Setup a Spark Cluster in Standalone Mode

(In Progress)

Server Name(s)

Make changes in the configuration on the master and copy them to the slave machines to make sure the configuration for spark is consistent across the cluster. There are devops tools puppet, chef to manager cluster configuration.

/opt/mount1/spark-1.6.2-bin-hadoop2.6/conf/spark-env.sh

/opt/mount1/spark-1.6.2-bin-hadoop2.6/conf/spark-defaults.conf

/opt/mount1/spark-1.6.2-bin-hadoop2.6/conf/log4j.properties

/etc/init.d/http-proxy.sh

Copying the Configuration files from master to slaves :

Give full permission to everyone so that they can be modified from the other machines.

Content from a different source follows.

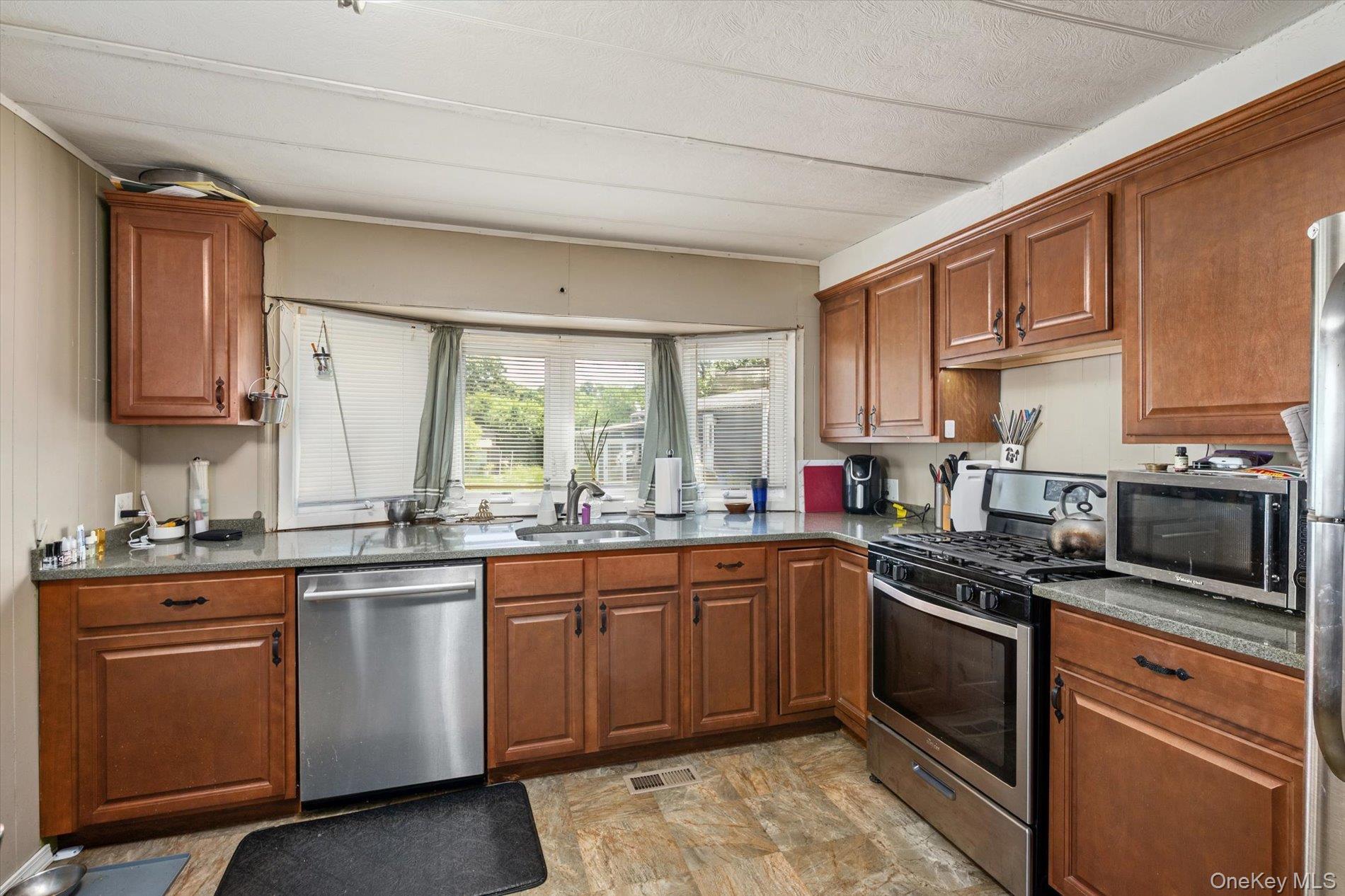 Single Family Minuteman Drive Suffolk County, NY 11716, MLS-1007928-7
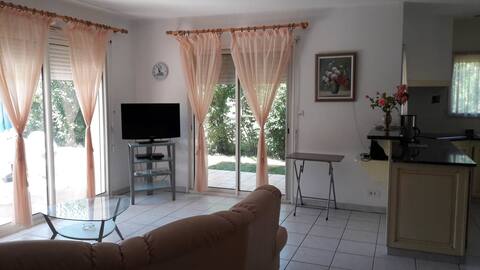 Maison Les Genêts 4* for rent with swimming pool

$ sudo chmod 777 /opt/mount1/spark-1.6.2-bin-hadoop2.6/conf/spark-env.sh

$ sudo chmod 777 /opt/mount1/spark-1.6.2-bin-hadoop2.6/conf/spark-defaults.conf

$ sudo chmod 777 /opt/mount1/spark-1.6.2-bin-hadoop2.6/conf/log4j.properties

$ scp /opt/mount1/spark-1.6.2-bin-hadoop2.6/conf/spark-env.sh chilamku@hc4t01140.itcs.hpecorp.net:/tmp ==> It asks Source user password and Destination user password

To avoid password every time, you can set up passwordless SSH, which works via ssh key. For that the user has to have the same login for each of the machine.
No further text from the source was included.